Oh man, you WON THE QUILT RAFFLE??? That's really, really great!!!

Congrats to the dogs too


----------



## MaureenM (Sep 20, 2011)

Congratulations on everything! The video was awesome, thanks for posting!!


----------



## Brave (Oct 26, 2012)

Congrats!!!!!!


----------



## Kmullen (Feb 17, 2010)

Love the video!!! You guys did amazing!!! Huge Congrats!! Can't wait to see you and everyone next weekend!


----------



## nolefan (Nov 6, 2009)

I continue to be blown away at the accomplishments of those beautiful and talented dogs.

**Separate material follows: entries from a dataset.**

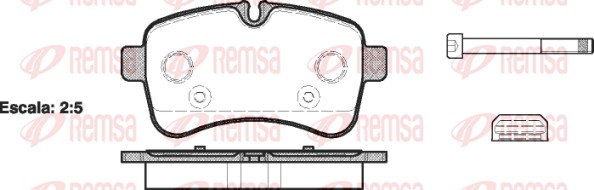 Комплект тормозных колодок, дисковый тормоз   1282.00   REMSA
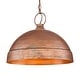 preview thumbnail 1 of 2, Golden Lighting Lincoln 1-light Pendant in Vintage Copper - Vintage Copper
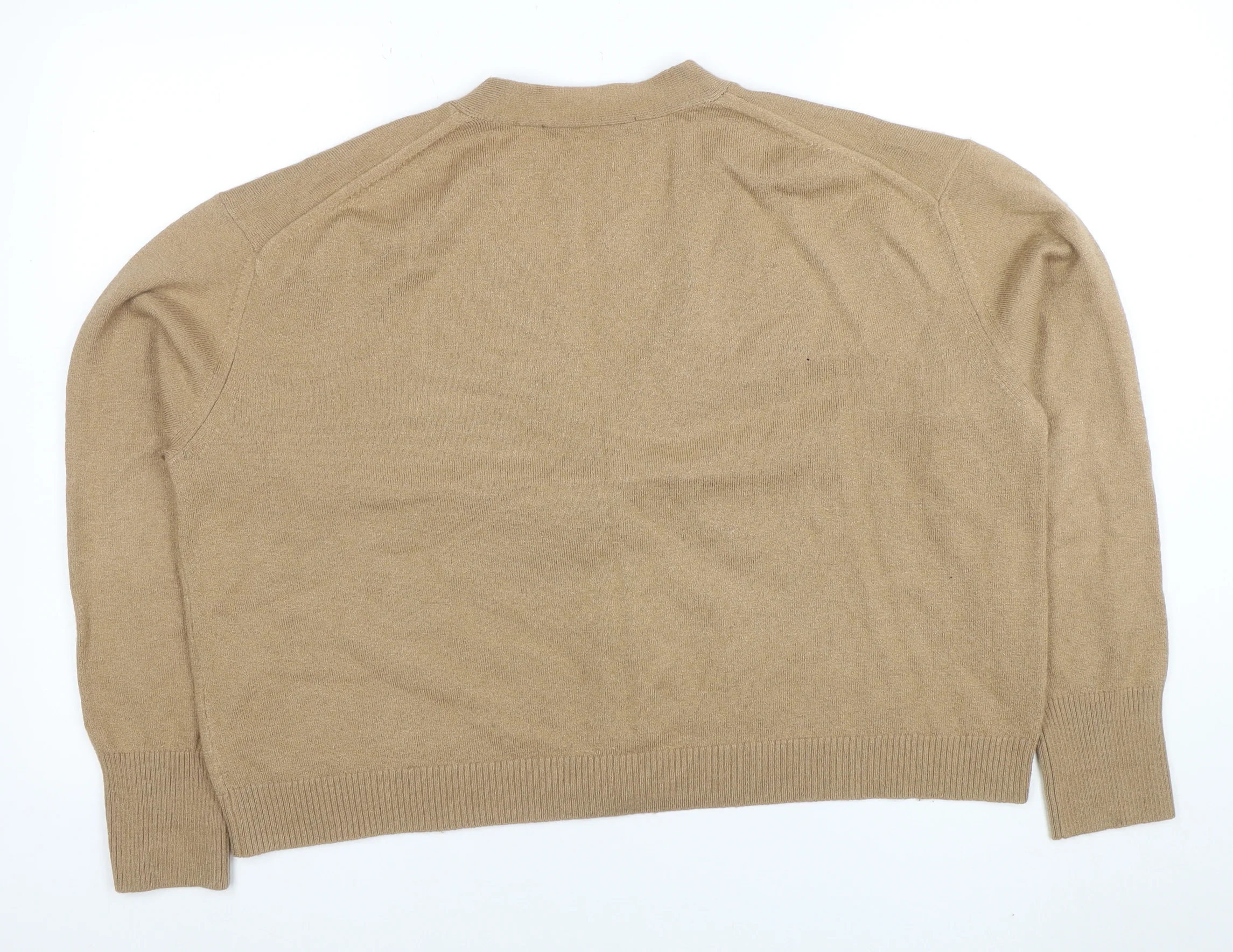 French Connection Women’s Beige V-Neck Button Cardigan S - Image 3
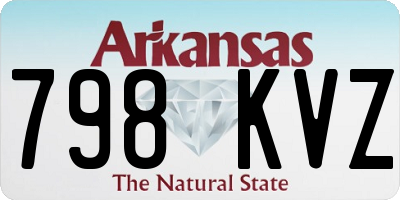 AR license plate 798KVZ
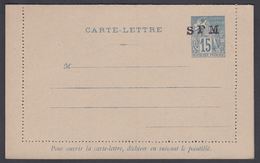 1892. SAINT-PIERRE-MIQUELON. CARTE -LETTRE SPM / 15 C. COLONIES POSTES REP. FRANCAISE... () - JF321815 - Briefe U. Dokumente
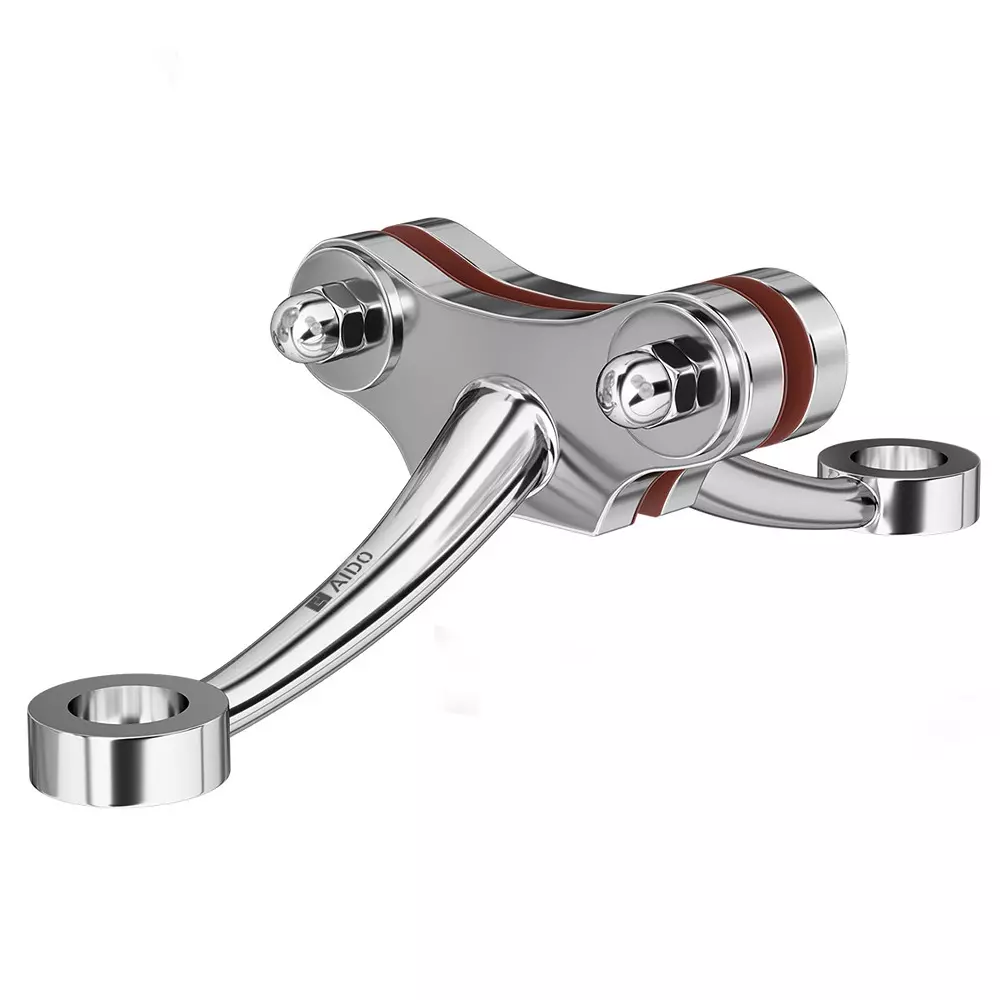 AIDO XL-C 6032 SS Electro Polished 2 Arm 180º Fin Type Spider Fitting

It's second only to how impressed and proud I am of the time and hard work you've invested and the talent you and Kristin have shown in getting the best out of each of those dogs. You two are amazing! Congratulations - love Slater's video, what a great dog he is.


----------



## Titan1 (Jan 19, 2010)

Congrats again.. and I loved your booth at the national.. I have had quite a few snickers and the Oh my's on the handy dandy new magnet....


----------



## 2golddogs (Oct 19, 2009)

Simply awesome!! Loved watching you guys in the video. Slater is a great dog.


----------



## hotel4dogs (Sep 29, 2008)

congrats on EVERYTHING!!


----------



## olliversmom (Mar 13, 2013)

I absolutely love the way your pup Slater prances.
What a lovely dog and great team you make.
Congrats.


----------



## boomers_dawn (Sep 20, 2009)

Congratulations!!


----------



## MercyMom (Dec 19, 2011)

Way to go! I hope to be completing CD legs myself someday!


----------



## OutWest (Oct 6, 2011)

Congratulations! The video was amazing. Slater is gorgeous and he looked like he was having so much fun in the ring.


----------